Unlike tokenization, which reduces a document into individual words, s**temming and lemmatization are attempts to reduce these words further to their lexical roots**

## Text preprocessing

### **Removing HTML**

Fortunately, in Python, there is a package called `BeautifulSoup` that allows us to remove all HTML in a few lines:

In [14]:
from bs4 import BeautifulSoup
import nltk

input_text = "<b> This text is in bold</br>, <i> This text is in italics </i>"
output_text = BeautifulSoup(input_text, "html.parser").get_text()
print('Input: ' + input_text)
print('Output: ' + output_text)

Input: <b> This text is in bold</br>, <i> This text is in italics </i>
Output:  This text is in bold,  This text is in italics 


### **Converting text into lowercase**

This can be done very easily within Python using the following lines of code:

In [15]:
input_text = ['Cat','cat','CAT']
output_text = [x.lower() for x in input_text]
print('Input: ' + str(input_text))
print('Output: ' + str(output_text))

Input: ['Cat', 'cat', 'CAT']
Output: ['cat', 'cat', 'cat']


### **Removing punctuation**

Sometimes, depending on the type of model being constructed, we may wish to remove punctuation from our input text.
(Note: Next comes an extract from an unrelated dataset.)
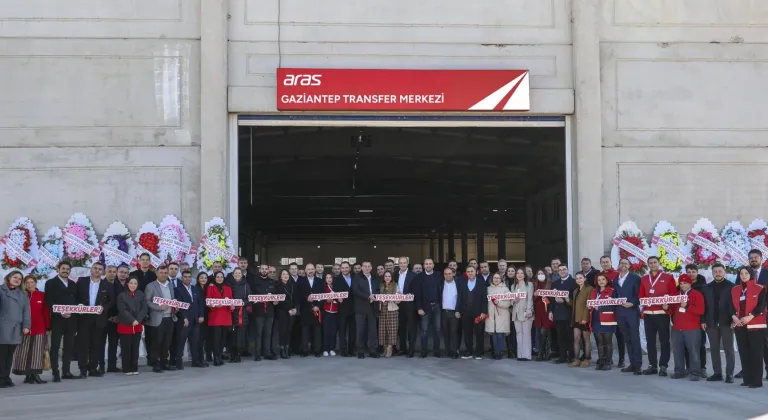 Aras Kargo "Gaziantep Transfer Merkezi"ni hayata geçirdi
This is particularly useful in models where we are aggregating word counts, such as in a bag-of-words representation. The presence of a full stop or a comma within the sentence doesn't add any useful information about the semantic content of the sentence. However, more complicated models that take into account the position of punctuation within the sentence may actually use the position of the punctuation to infer a different meaning. A classic example is as follows:

*The panda eats shoots and leaves*

*The panda eats, shoots, and leaves*

Here, the addition of a comma transforms the sentence describing a panda's eating habits into a sentence describing an armed robbery of a restaurant by a panda!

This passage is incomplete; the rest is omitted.